Disclaimer: These are my notes, hence focused on the areas which I am prone to forget. There is a strong possibility of some sections not making sense to you or they are too easy for you.

Pandas name is derived from panel data and python data analysis

import numpy as np
# add wildcards and then use object introspection to see matching attributes/methods
np.*lin*?
adder = """
def adder(a,b,c):
    return a+b+c
    
x=1
y=2
z=3.4

result=adder(x,y,z)
"""
with open("adder.py", "w") as f:
    f.write(adder)
    
# %run executes python files with every import, variable, function, object accessible in the current namespace.
%run adder.py
print(x,y,z, result)

# you can also pass the variables in the current namespace to the file by passing -i to %run
adder = """
def adder(a,b,c):
    return a+b+c

result=adder(x,y,z)
"""
with open("adder.py", "w") as f:
    f.write(adder)
x, y, z = (2,5,6)
%run -i adder.py
print(x,y,z, result)
1 2 3.4 6.4
2 5 6 13

%load gets the content of file into current cell

# %load adder.py

def adder(a,b,c):
    return a+b+c

result=adder(x,y,z)

%paste and %cpaste can be used to execute code from the clipboard to ipython shell only. %paste will execute code from clipboard immidiately and %cpaste will give you freedom to paste code Ctl+Shift+V as many times as you want before executing.

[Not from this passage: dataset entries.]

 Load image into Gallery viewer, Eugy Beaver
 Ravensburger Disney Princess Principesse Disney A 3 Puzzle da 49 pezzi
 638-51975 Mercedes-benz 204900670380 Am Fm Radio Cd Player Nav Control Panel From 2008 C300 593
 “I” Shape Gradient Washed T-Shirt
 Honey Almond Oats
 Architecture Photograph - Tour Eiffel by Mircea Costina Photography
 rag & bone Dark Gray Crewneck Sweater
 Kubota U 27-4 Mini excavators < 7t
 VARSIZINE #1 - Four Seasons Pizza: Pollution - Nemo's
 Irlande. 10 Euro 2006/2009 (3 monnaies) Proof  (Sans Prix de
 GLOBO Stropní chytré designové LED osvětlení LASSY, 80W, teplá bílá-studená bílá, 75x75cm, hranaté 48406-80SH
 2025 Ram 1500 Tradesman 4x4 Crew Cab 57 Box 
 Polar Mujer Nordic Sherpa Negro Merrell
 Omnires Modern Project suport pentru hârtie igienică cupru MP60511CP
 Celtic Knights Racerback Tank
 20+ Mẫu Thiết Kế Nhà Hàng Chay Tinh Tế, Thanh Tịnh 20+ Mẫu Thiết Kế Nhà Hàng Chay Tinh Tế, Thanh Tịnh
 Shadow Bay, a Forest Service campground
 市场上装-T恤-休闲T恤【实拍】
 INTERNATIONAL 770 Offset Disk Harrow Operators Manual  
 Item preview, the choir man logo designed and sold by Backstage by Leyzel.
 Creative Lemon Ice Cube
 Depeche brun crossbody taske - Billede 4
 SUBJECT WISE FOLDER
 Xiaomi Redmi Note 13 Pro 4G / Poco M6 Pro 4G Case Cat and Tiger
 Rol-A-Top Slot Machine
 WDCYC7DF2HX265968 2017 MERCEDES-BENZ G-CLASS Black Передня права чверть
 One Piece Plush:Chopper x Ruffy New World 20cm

import matplotlib.pyplot as plt
%matplotlib inline
plt.hist(np.random.randn(1000))
(array([  5.,  16.,  70., 172., 227., 253., 168.,  51.,  29.,   9.]),
 array([-3.19548746, -2.56284222, -1.93019699, -1.29755175, -0.66490651,
        -0.03226128,  0.60038396,  1.23302919,  1.86567443,  2.49831967,
         3.1309649 ]),
 <a list of 10 Patch objects>)

png

Python is a loosely typed language. It will do automatic casting in some obvious cases but not always.

# obvious case
5+5.5
10.5
# not obvious
5+'5'
---------------------------------------------------------------------------

TypeError                                 Traceback (most recent call last)

~/git/Data-Science-Notes/adder.py in <module>()
      1 # not obvious
----> 2 5+'5'


TypeError: unsupported operand type(s) for +: 'int' and 'str'

Knowing type of the object is important while validating the arguments of the function, isinstance comes handy for that.

a = 1
b = 1.5
def foo(a,b):
    # checking if a and b are both either float or integer
    if isinstance(a,(float,int)) and isinstance(b, (float, int)):
        print("Addition is: ", a+b)
    else:
        raise TypeError()
foo(a,b)

Accessing attributes and methods of the object is done either by object.attribute_name or by using function getattr(object, 'attribute_name'). Accessing attributes by their name is known by reflection in other languages.

a = 'Data Analysis'
# traditional way
print(a.split())
# using getattr
print(getattr(a, "split")())

Use is keyword to check if two references are same. This is different from == because == compares the value of object refered.

a = [1,2,3]
b = a
c = list(a)
print("a is b: ",a is b)
# list() will always create a new object
print("a is c: ",a is c)
print("a == c:", a == c)

Bitwise operations

# Or
print(True | False, 4 | 4)
# And
print(True & False, 4 & 4)
# Ex-Or
print(True ^ False, 4 ^ 4)

String templating or formating

template = 'The float {0:5f}, The int {1:d}'
print(template.format(1/3, 3))

None is the singleton instance of the class NoneType

The datetime module contains datetime, date, timedelta and time types all being immutable. datetime type combines time and date. Difference of two datetime instance gives timedelat object.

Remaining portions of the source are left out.